Work item: Skip the pictures. Quote every line below, exactly, from the one with "2915 Roanoke Avenue, Unit" through the final line.
•••
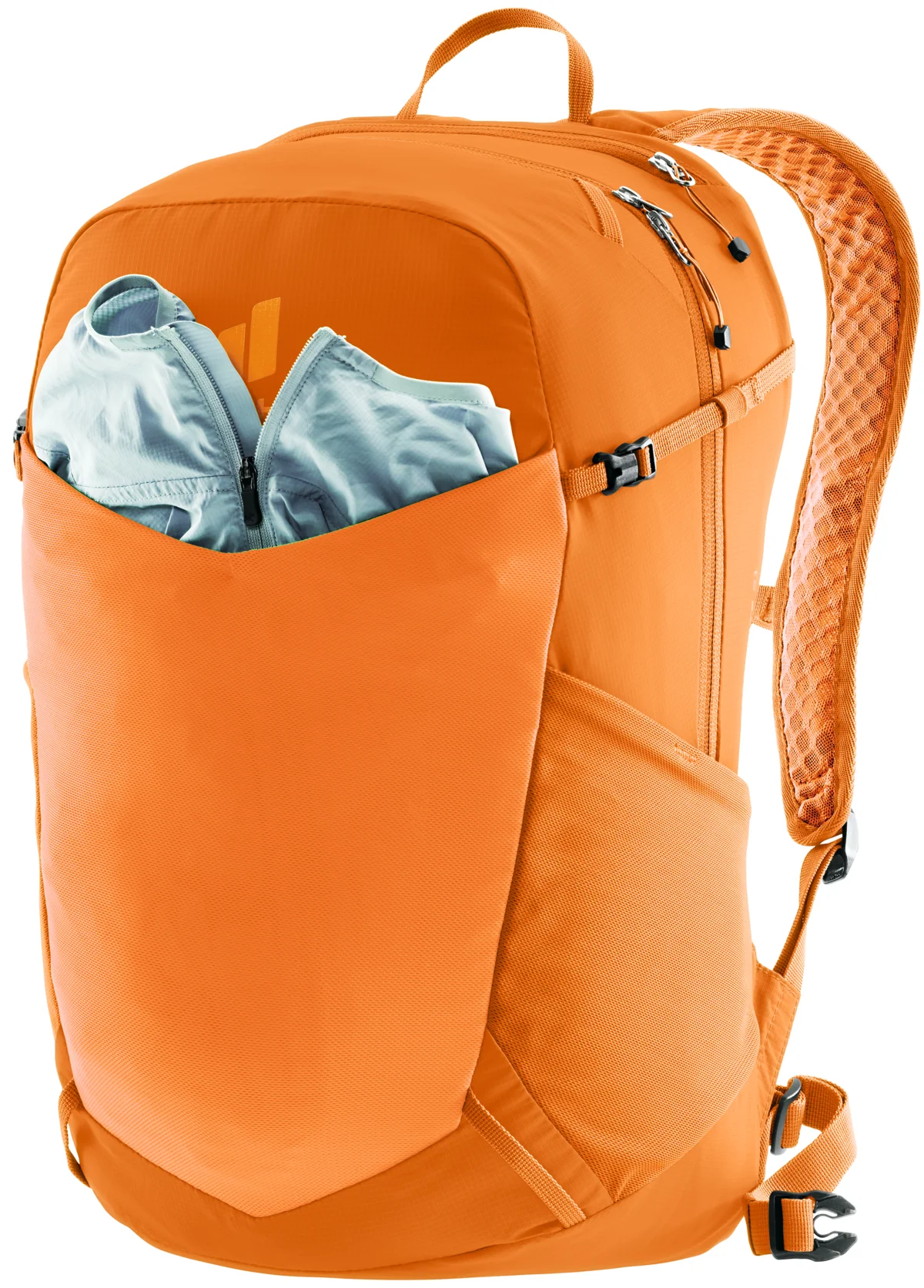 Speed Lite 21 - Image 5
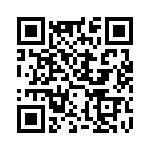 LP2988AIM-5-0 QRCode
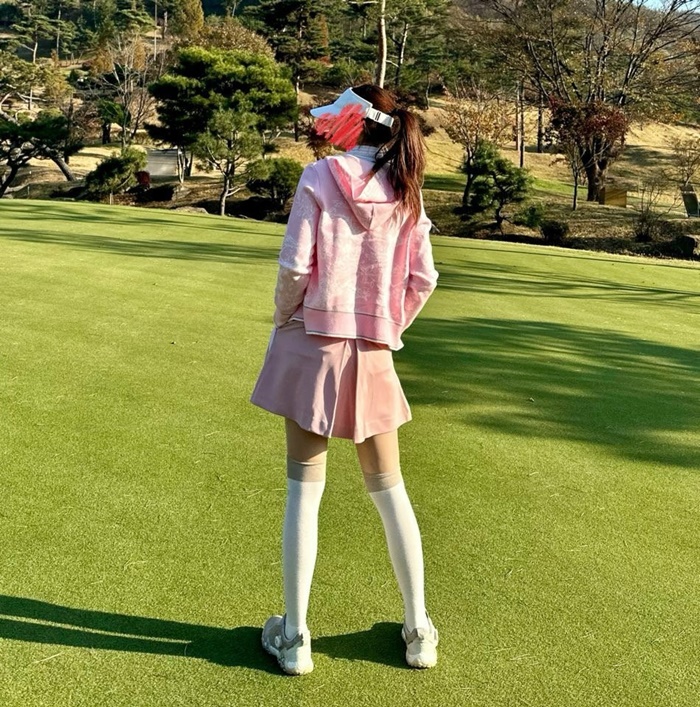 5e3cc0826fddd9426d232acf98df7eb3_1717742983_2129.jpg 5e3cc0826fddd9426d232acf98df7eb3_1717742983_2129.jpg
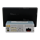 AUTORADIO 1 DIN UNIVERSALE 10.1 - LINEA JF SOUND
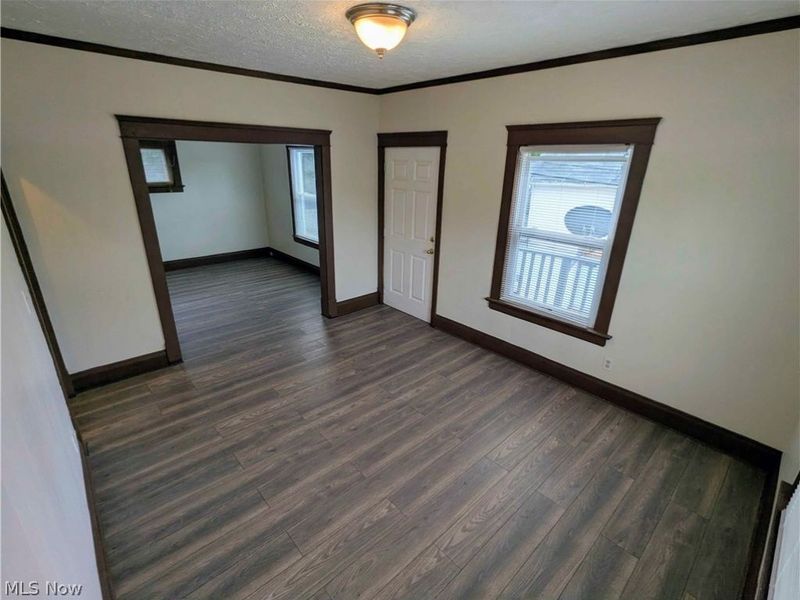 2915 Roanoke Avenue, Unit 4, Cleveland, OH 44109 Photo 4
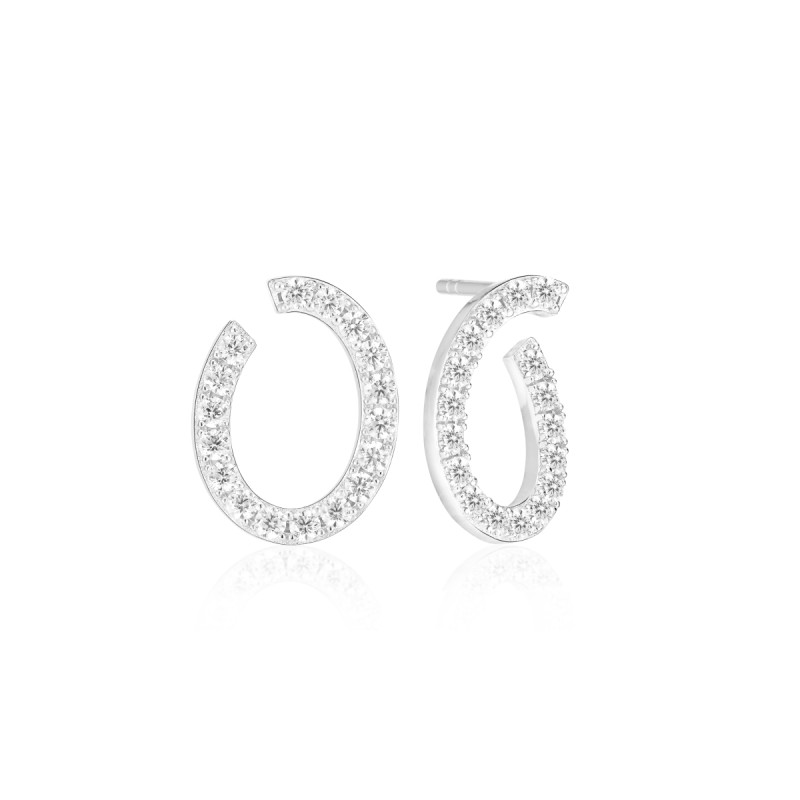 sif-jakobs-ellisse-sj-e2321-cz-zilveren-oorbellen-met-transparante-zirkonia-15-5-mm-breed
•••
Answer to this problem:
 2915 Roanoke Avenue, Unit 4, Cleveland, OH 44109 Photo 4
 sif-jakobs-ellisse-sj-e2321-cz-zilveren-oorbellen-met-transparante-zirkonia-15-5-mm-breed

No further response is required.